Sunday, March 31, 2024


Each installment in the ongoing Hollywood Godzilla series is a little worse than the one before it. Ten years on, Gareth Edwards’ Godzilla looks all the better for its thundering portent and heavy sense of scale. He shoots with mystery and mass, letting the real terror of an enormous creature seep through each frame of its monster movie paces. Its direct sequel, Michael Dougherty’s Godzilla: King of the Monsters, is a little less realistic in its dimensions, but the overstuffed apocalyptic mood gives a fine pulp jolt to its escalating cast of kaiju overshadowing an efficient cast of scientists and soldiers. Both are about families caught in the wake of these creatures’ paths, which gives just enough emotionality to hang on the shattering potential of such a monster mash. That’s the main inspiration that keeps writer-director Adam Wingard’s contributions connected—aside from the set dressing and proper nouns that knit the cinematic universe together—to the character strengths of its predecessors. Though finding some sentimentally in King Kong expert Rebecca Hall adopting an adorable deaf Skull Island orphan (Kaylee Hottle), his Godzilla v. Kong was generally cartoony.

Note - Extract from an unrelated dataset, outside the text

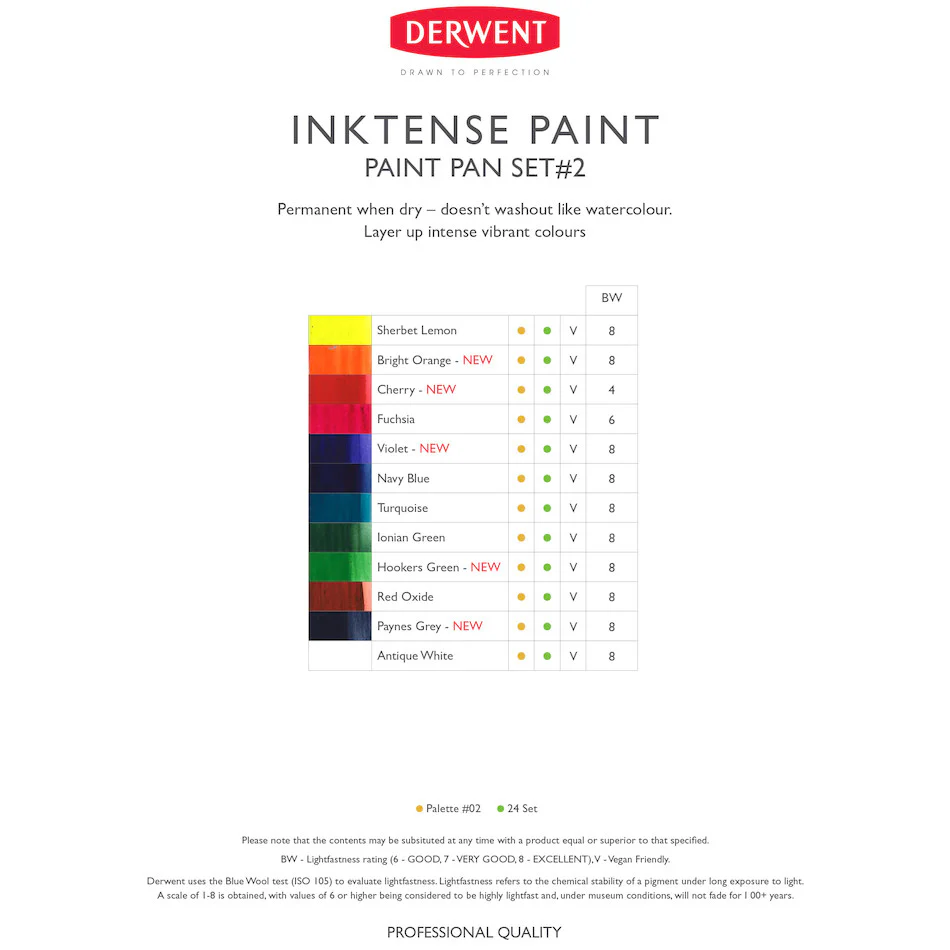 Derwent Inktense Paint Pan Travel Set #02 - Image 3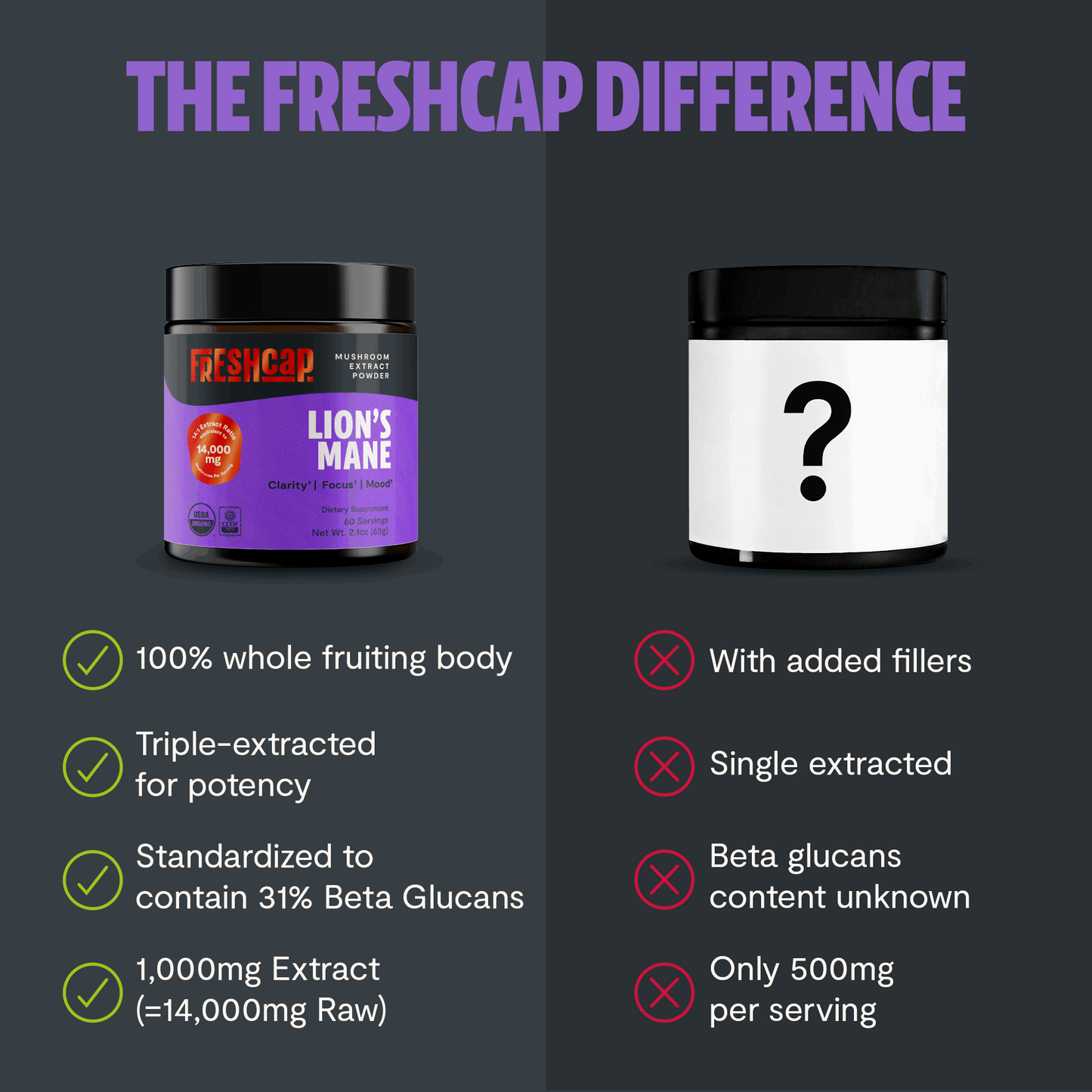 Lion's Mane Mushroom Extract Powder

It’s drifting toward the outsized and preposterous, but enough of a colorful smash-em-up to be diverting. Give me a giant ape and a giant lizard fighting a giant robot and fill it up with a neon sci-fi light show and I’m reasonably satisfied, I guess. 

Wingard leans into the dumb cartoon qualities even further for the new Godzilla x Kong: The New Empire. We’ve lost whatever felt even tangentially real or threatening in the earlier entries. Now it’s CG animation for long stretches as Kong meanders through the Hollow Earth fighting big wolves and munching on enormous worms, and Godzilla plays the burly kaiju bouncer for the world’s major cities, cliff jumping off Gibraltar or curling up in the Coliseum. Hall and Hottle return to wander down in search of a distress call from deeper into the Earth’s core—taking comic relief conspiracy theorist Brian Tyree Henry and swaggering veterinarian Dan Stevens for the ride. And then, once everyone’s assembled amid the special effects of a Hollow Earth within the Hollow Earth, a rumbling wrestling tag-team erupts when an evil big monkey riding an evil big lizard take on our eponymous monsters. It’s basically an effects reel staged with reverse shots of actors reacting. That the movie is essentially passable nonetheless says something about the enduring appeal of these beasties. When Kong picks up a Mini Kong and uses it as a club to smash other monster apes, there’s a certain lizard-brained appeal. Ditto the appearances of Godzilla collecting radioactive power-ups to fuel his big finale fight. But there’s no suspense or intrigue or awe—or any believable thin genre characterization to care about—left when it’s all pitched at the most extremely broad Saturday Morning level, with nothing to provide us but cartoons collapsing through skyscrapers.